- Assigned task
Which lines run from the one containing "цветная капуста с" to the end of the material below? Copy them exactly, pictures excluded.

[[ Record set open ]]

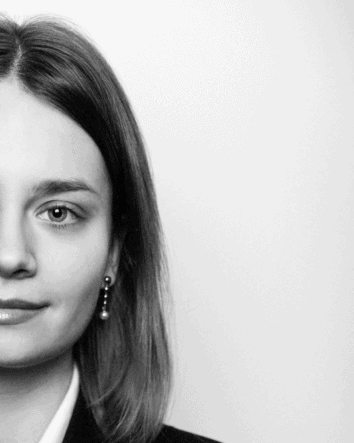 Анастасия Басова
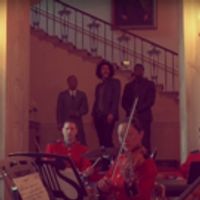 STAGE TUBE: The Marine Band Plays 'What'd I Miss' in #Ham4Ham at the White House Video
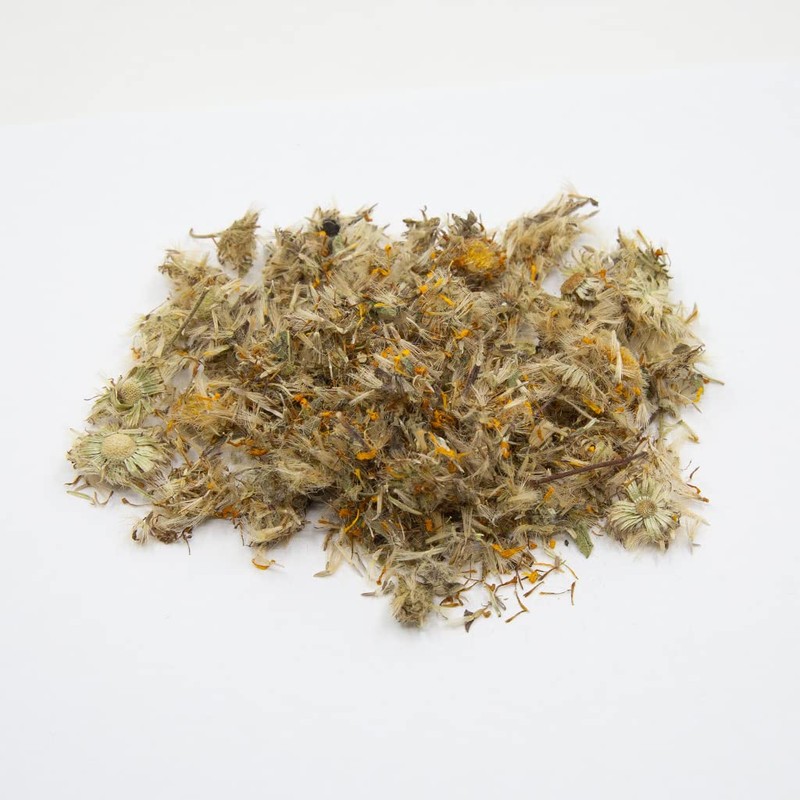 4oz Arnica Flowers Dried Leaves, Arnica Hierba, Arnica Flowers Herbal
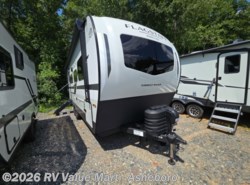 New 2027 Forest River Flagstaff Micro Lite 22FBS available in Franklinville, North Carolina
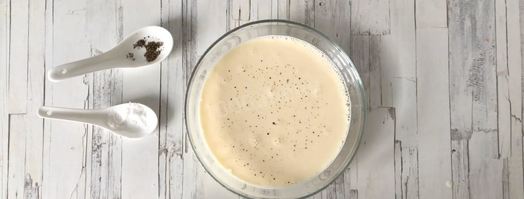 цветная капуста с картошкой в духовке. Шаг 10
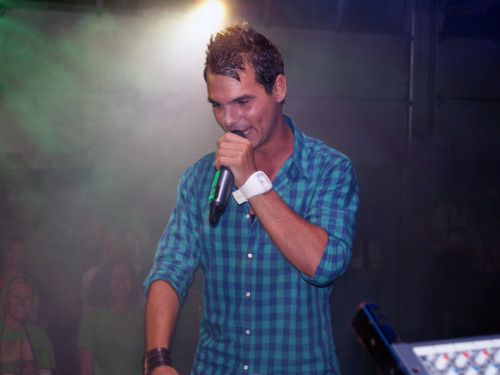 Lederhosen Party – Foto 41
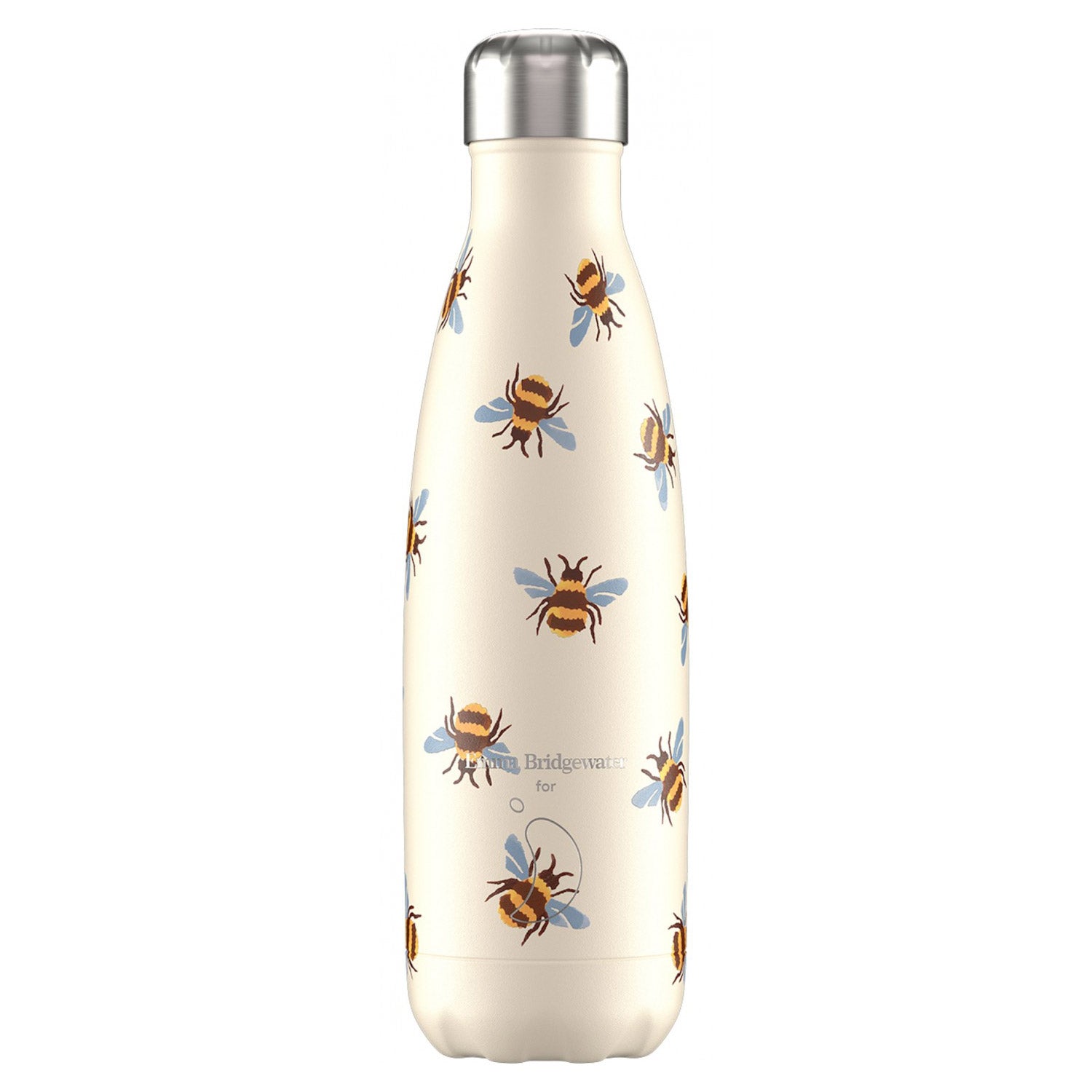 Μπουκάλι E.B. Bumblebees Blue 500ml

[[ Record set closed ]]

- Response
 цветная капуста с картошкой в духовке. Шаг 10
 Lederhosen Party – Foto 41
 Μπουκάλι E.B. Bumblebees Blue 500ml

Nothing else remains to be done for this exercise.